Think your homeowners insurance has you covered? Think again. Check out these categories of destruction that are probably not covered on your current policy.
When water gets into your home, a cascade of bad things happen. Wood becomes warped. Carpet is ruined. Walls rot, and then worse yet, deadly mold can develop in hidden areas. Water inside the walls of your house is a very expensive problem to fix, one that many insurance companies do not want to cover. Your need for flood insurance is usually determined by whether or not your home sits in a floodplain. If it is, you will be required to purchase a separate flood insurance policy before you close on the home.
A different type of water damage, but one that is usually not covered under many regular homeowners insurance policies. This can cause similar damage as flooding inside your home, depending on how bad the backup is and how long it lasts.
Many homeowners insurance policies will cover wind damage, but balk at paying for rain and/or flood damage from a result of storms.
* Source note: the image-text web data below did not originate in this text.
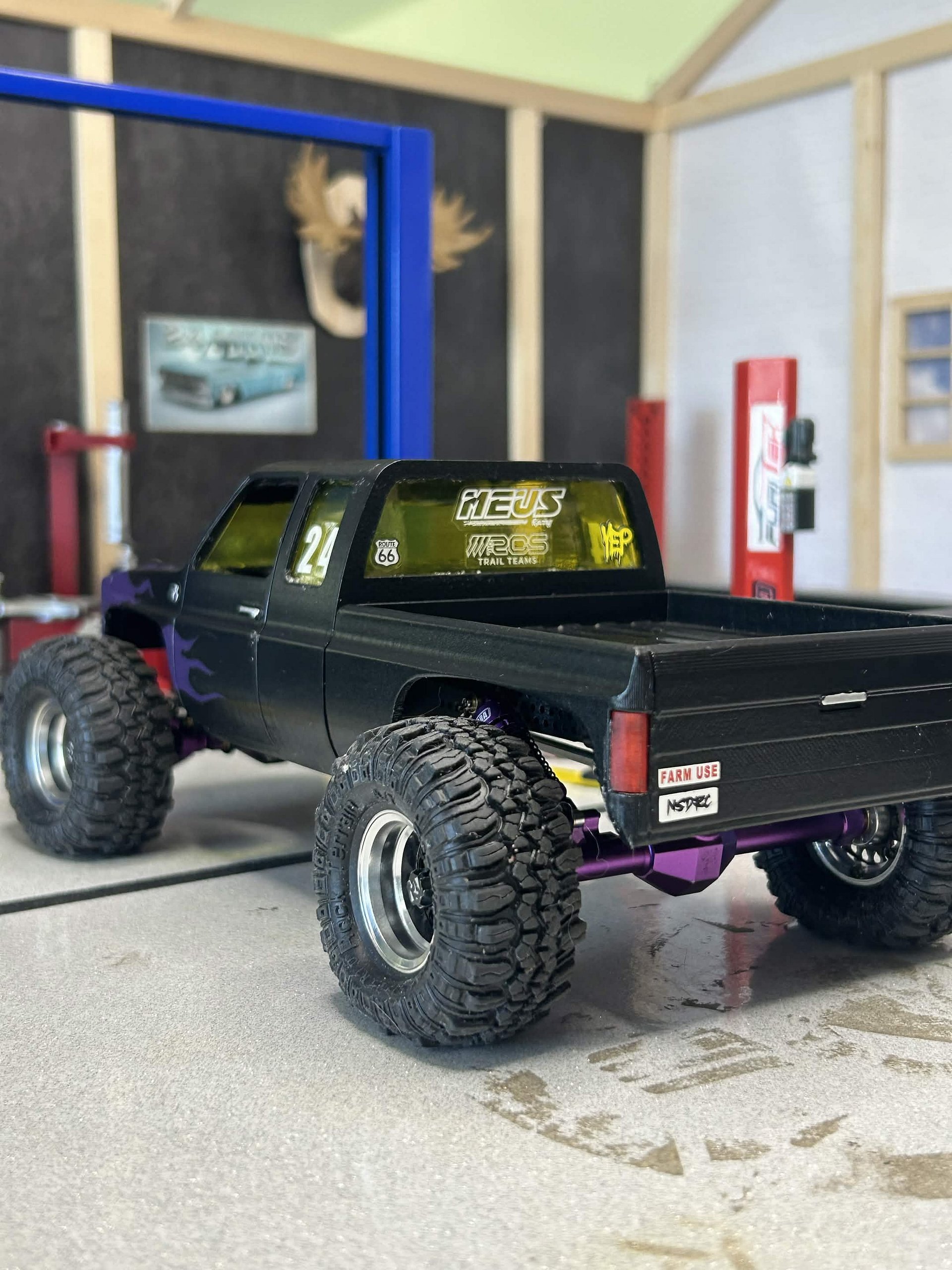Chevy (+ remote) product image (6)
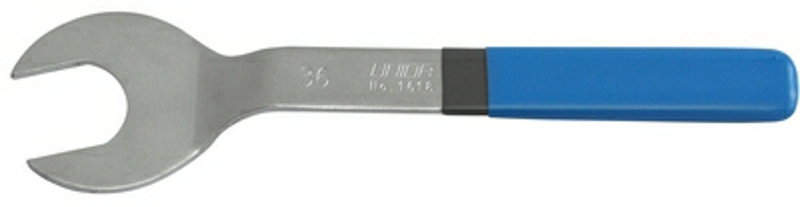 Unior Konus nøgle 36 m.m. Offset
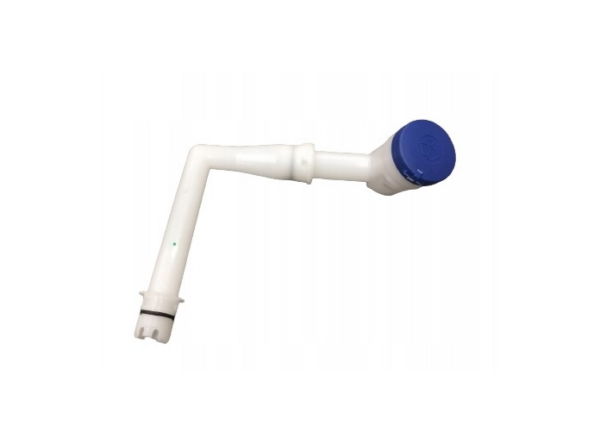 Vauxhall Combo 2018-Present Washer Bottle Neck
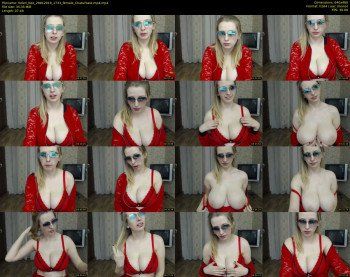 helen_bee — 8 minute Chaturbate female cam show recording, 480p, Jan 29, 2019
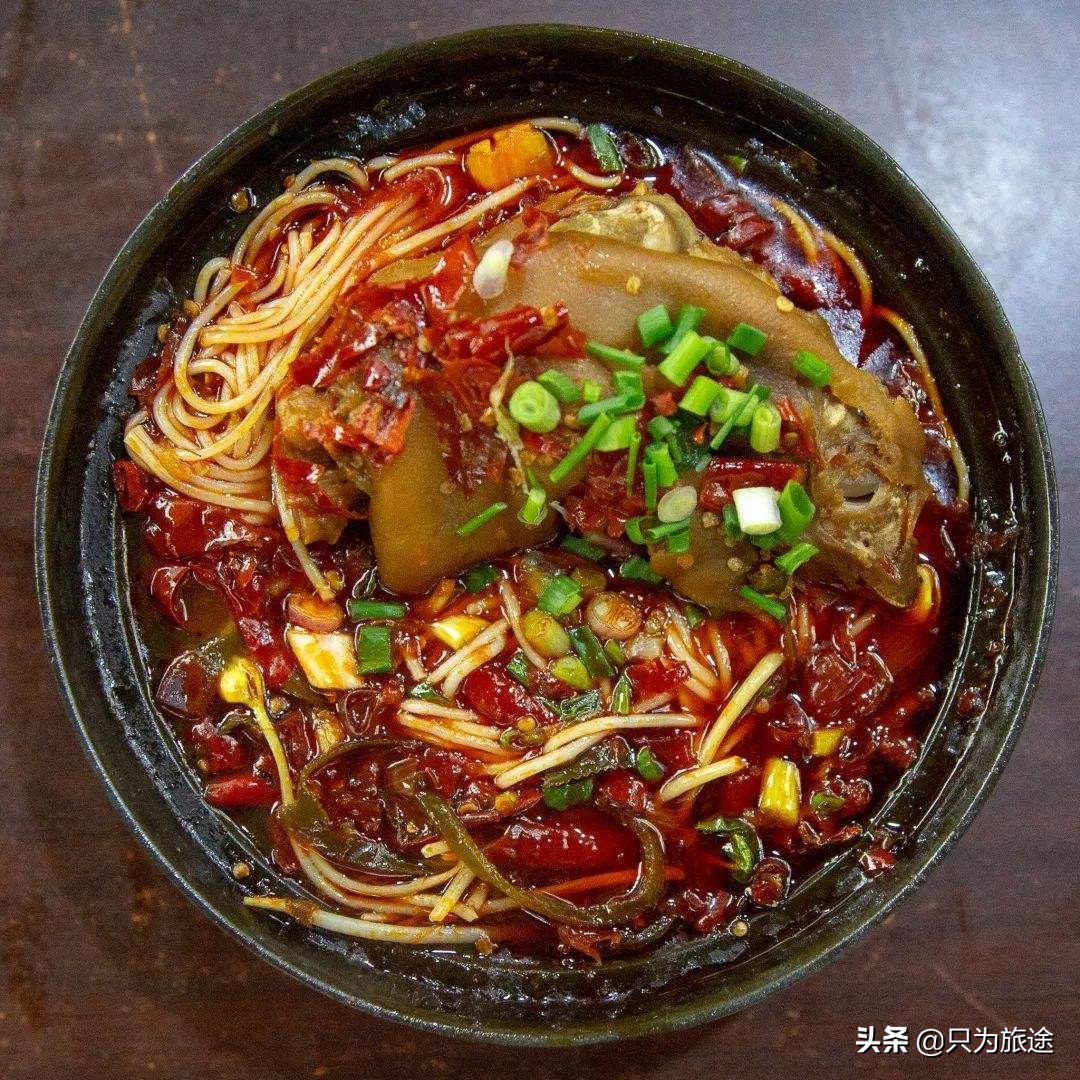 重庆高级美食攻略十大必吃排行榜,重庆最新美食攻略十大必吃排行榜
You need to read your policy very carefully before making a decision on additional insurance coverage. Even some hurricane policies restrict damage to just that is caused by wind, not by rising flood waters. Read the fine print carefully.
Earthquakes that cause significant damage have traditionally occurred in the western United States. Does everyone need an earthquake insurance? As recent seismic activity has shown, these natural disasters can happen almost anywhere. If your policy doesn’t cover earthquakes and your area is hit by one — even as unlikely as it might be — you won’t be covered.
A tornado is a natural disaster of high velocity winds. Thankfully, your homeowners insurance coverage almost always covers damage from winds and hail. You should not need to purchase additional coverage for tornadoes. If you live in an area with a higher chance of tornadoes, be sure to check with your homeowners insurance company to make sure you are covered.
If you need to purchase additional natural disaster insurance coverage, there are three main places to look:
While many “normal” homeowners insurance terms specifically write out certain causes for damage such as earthquakes, that doesn’t mean you won’t be able to purchase insurance from the company. The coverage will just be set up as a rider (e.g., additional option) to your current policy, or as a separate policy. Not every company will provide insurance coverage for the disasters you want to cover, so you may need to seek out a different company for your specialized policy.
If your current insurance company can’t offer you a policy to cover a specific disaster, you can keep your insurance with them while seeking out coverage from a different company. Start with quotes from major insurance companies, but be sure to also check with specialized firms that offer coverage just for certain disasters.
If you are having trouble finding insurance the government may offer coverage for you. One example of this is from FEMA’s National Flood Insurance Program. Your policy costs will be determined by your flood zone, your deductible choice, and the value of the insurance you are requesting.